Assignment: Set down every line of the data exactly, skipping the pictures.

Given information:
BEGIN

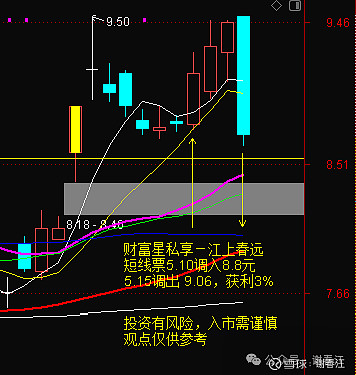 345只股短线走稳 站上五日均线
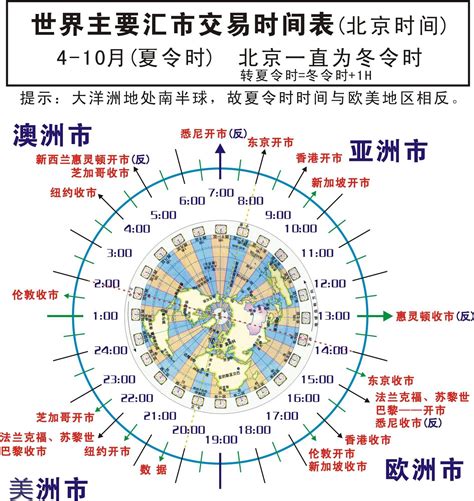 全球外汇交易时间！夏令时冬令时的区别！-【123财经导航】fx123.com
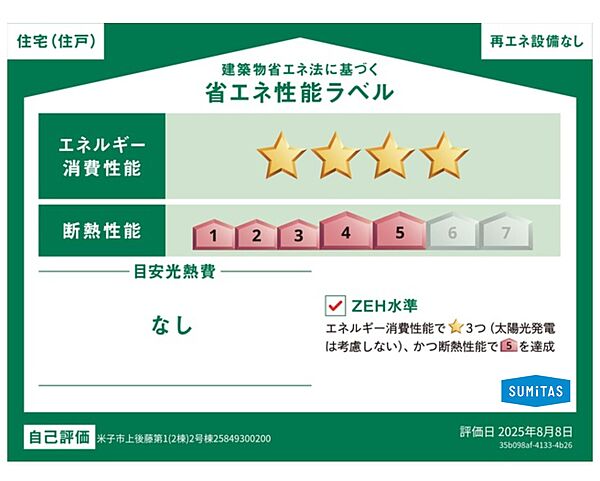 省エネ性能ラベル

END

Answer to the problem:
 345只股短线走稳 站上五日均线
 全球外汇交易时间！夏令时冬令时的区别！-【123财经导航】fx123.com
 省エネ性能ラベル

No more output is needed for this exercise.